• [ABOUT THIS TASK] Go through the data below and transcribe it exactly. Omit the images.

• [COLLECTED MATERIAL]
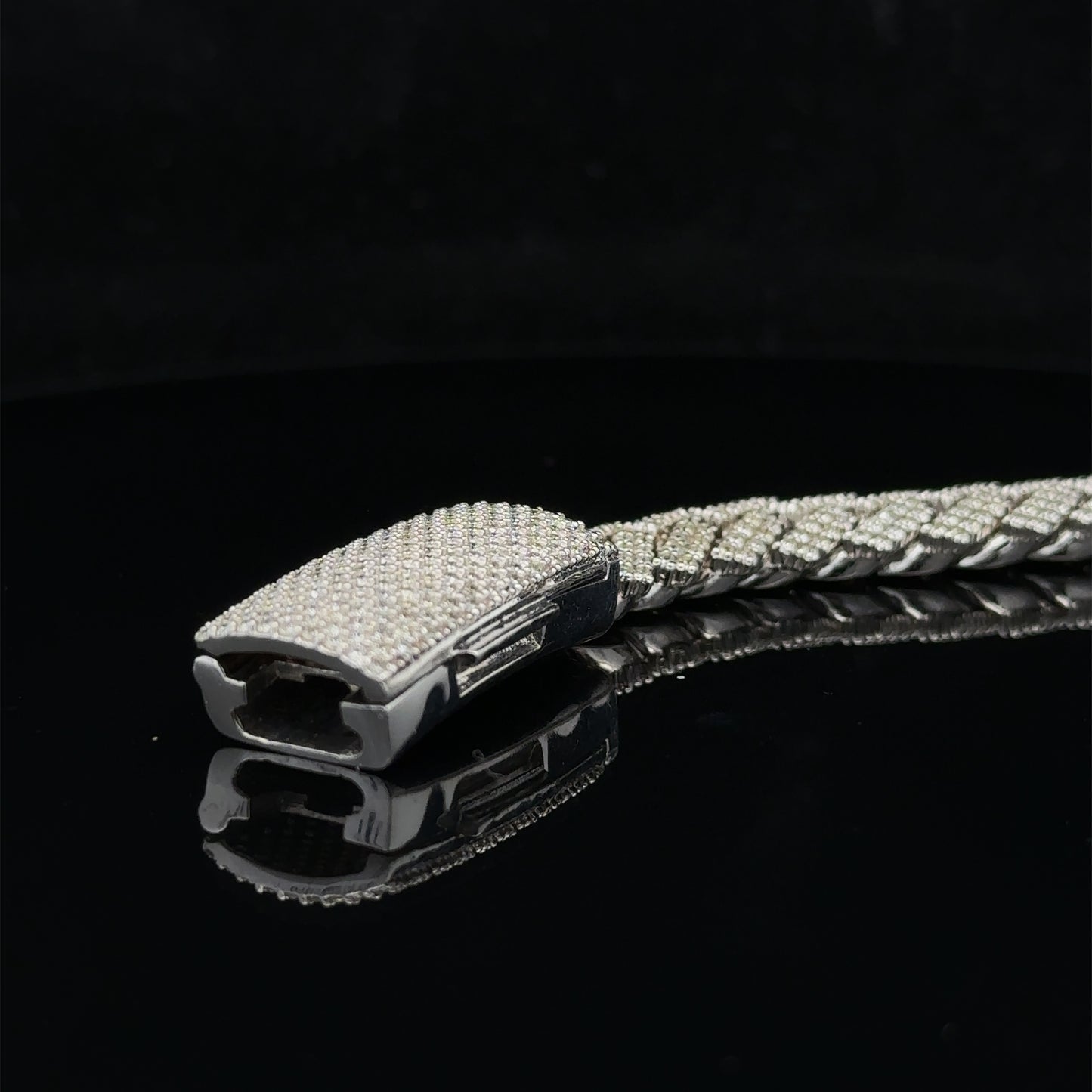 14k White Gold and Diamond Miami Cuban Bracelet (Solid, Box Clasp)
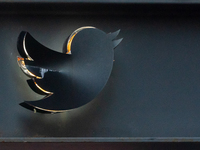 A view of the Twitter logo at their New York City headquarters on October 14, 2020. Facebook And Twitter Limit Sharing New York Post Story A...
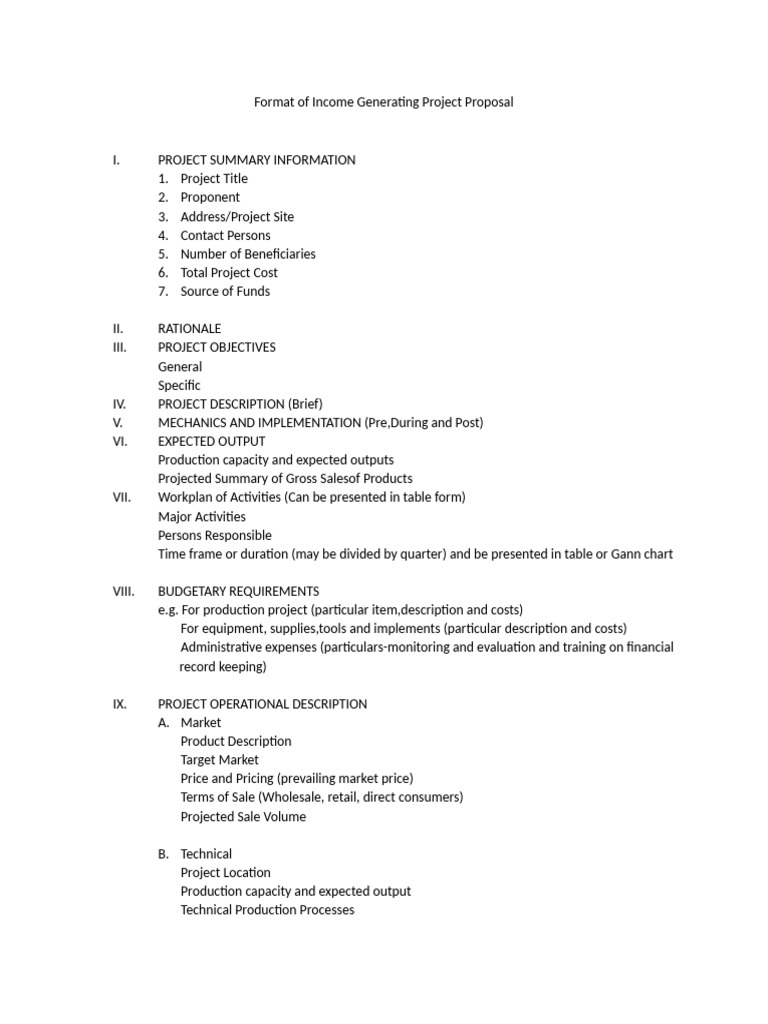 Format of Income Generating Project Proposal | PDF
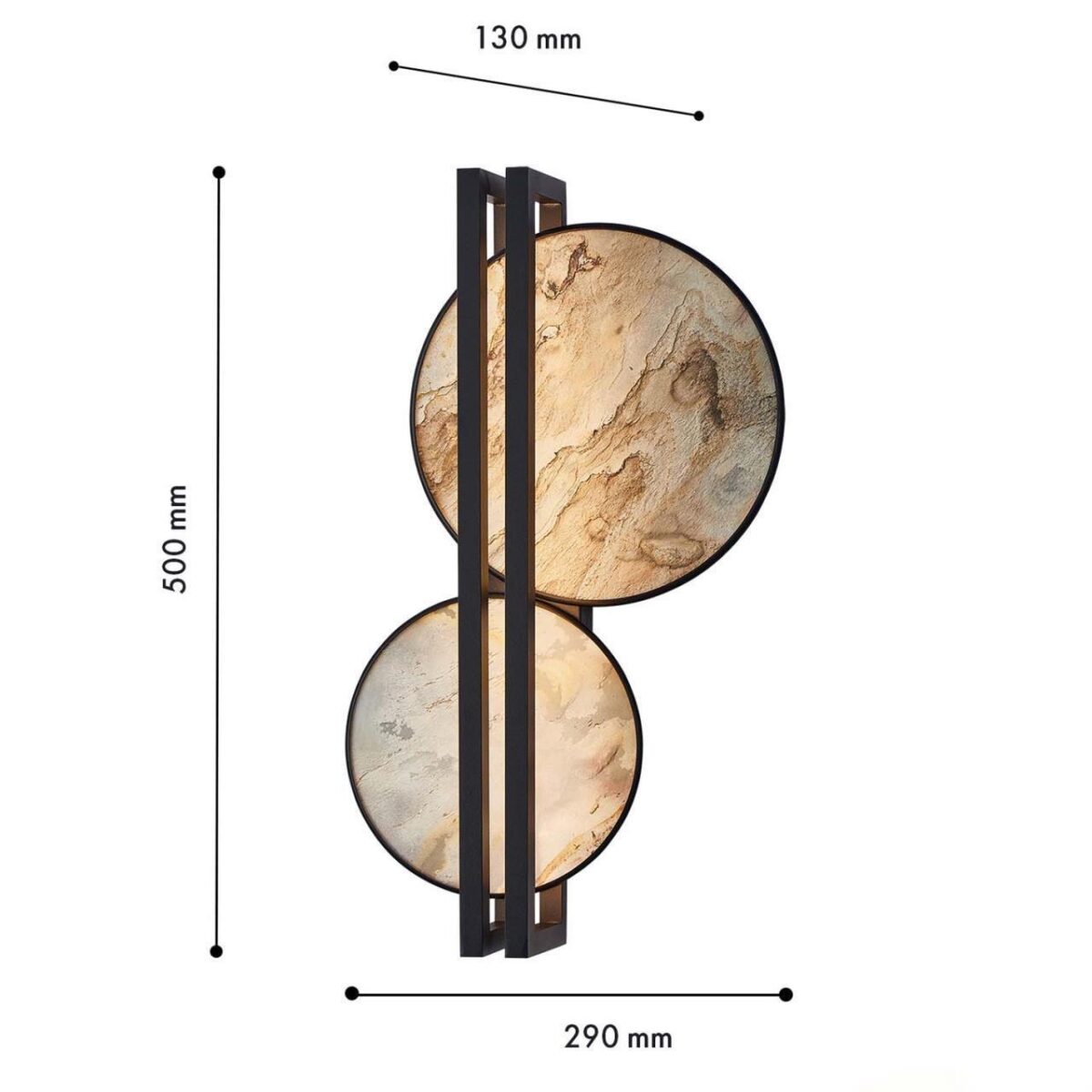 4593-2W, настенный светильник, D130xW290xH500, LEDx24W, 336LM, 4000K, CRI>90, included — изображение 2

• [TASK OUTPUT]
 14k White Gold and Diamond Miami Cuban Bracelet (Solid, Box Clasp)
 A view of the Twitter logo at their New York City headquarters on October 14, 2020. Facebook And Twitter Limit Sharing New York Post Story A...
 Format of Income Generating Project Proposal | PDF
 4593-2W, настенный светильник, D130xW290xH500, LEDx24W, 336LM, 4000K, CRI>90, included — изображение 2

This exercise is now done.